Divide the entire equation by 2:

$$p + 1 = p^2$$

Rearrange into a standard quadratic equation:

$$p^2 - p - 1 = 0$$

Solve for $p$ using the quadratic formula $p = \frac{-b \pm \sqrt{b^2 - 4ac}}{2a}$:

$$p = \frac{-(-1) \pm \sqrt{(-1)^2 - 4(1)(-1)}}{2(1)}$$ $$p = \frac{1 \pm \sqrt{1 + 4}}{2}$$ $$p = \frac{1 \pm \sqrt{5}}{2}$$

This gives two possible values for $p$:

$p_1 = \frac{1 + \sqrt{5}}{2}$

$p_2 = \frac{1 - \sqrt{5}}{2}$

Now, we must check if these values of $p$ lead to a valid triangle. For $A, B, C$ to be angles of a triangle, they must satisfy $0 < A, B, C < \pi$. Also, at most one angle can be obtuse (i.e., greater than $\pi/2$). Given $\tan C = 2$. Since $2 > 0$, $C$ must be an acute angle ($0 < C < \pi/2$). Specifically, $C = \arctan(2) \approx 63.43^\circ$. Given $\tan A = p$ and $\tan B = p$, this implies $A=B$. If $p$ were negative, then $\tan A < 0$ and $\tan B < 0$. This would mean $A$ and $B$ are both obtuse angles (angles between $\pi/2$ and $\pi$). If $A > \pi/2$ and $B > \pi/2$, then $A+B > \pi$. This would make $A+B+C > \pi$, which is impossible for a triangle (as $C > 0$). Therefore, for a valid triangle, $p$ must be positive.

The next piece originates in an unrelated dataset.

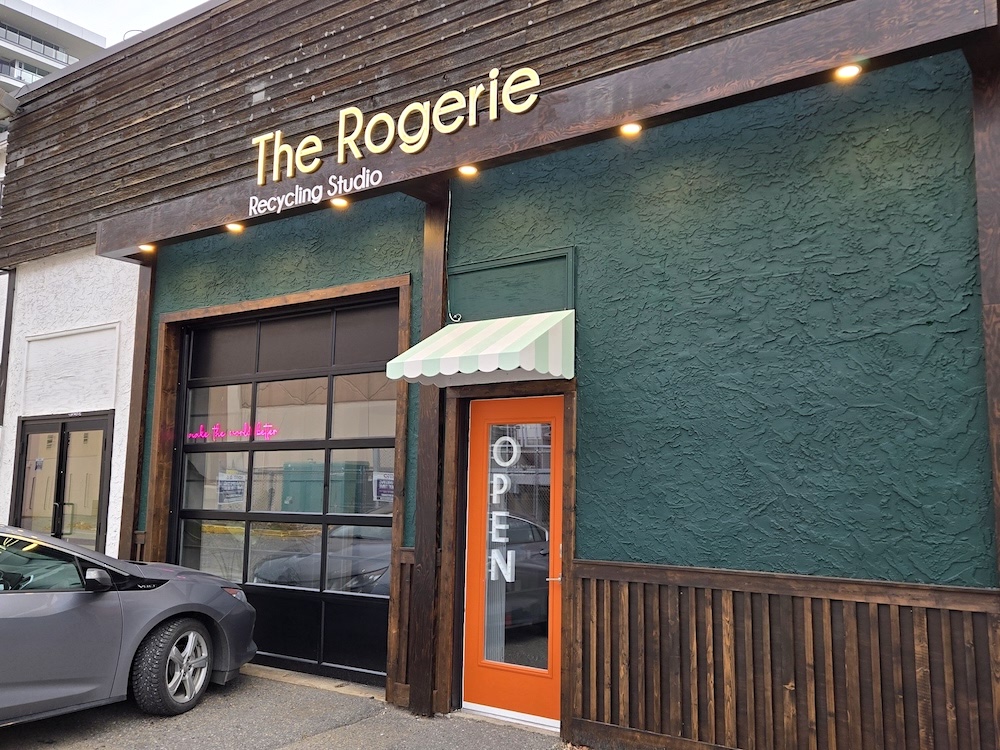 The green exterior of the building has the words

Let's evaluate the two values of $p$:

$p_1 = \frac{1 + \sqrt{5}}{2} \approx \frac{1 + 2.236}{2} \approx 1.618$. This value is positive.

$p_2 = \frac{1 - \sqrt{5}}{2} \approx \frac{1 - 2.236}{2} \approx -0.618$. This value is negative.

Since $p$ must be positive, only $p = \frac{1 + \sqrt{5}}{2}$ is a valid solution. For this value, $\tan A = \tan B = \frac{1+\sqrt{5}}{2} > 0$, so $A$ and $B$ are acute angles. Since $A, B, C$ are all acute, their sum is less than $3\pi/2$. Since the sum is $\pi$, this forms a valid triangle. Thus, there is only 1 possible value for 'p'. Statement-1 is True.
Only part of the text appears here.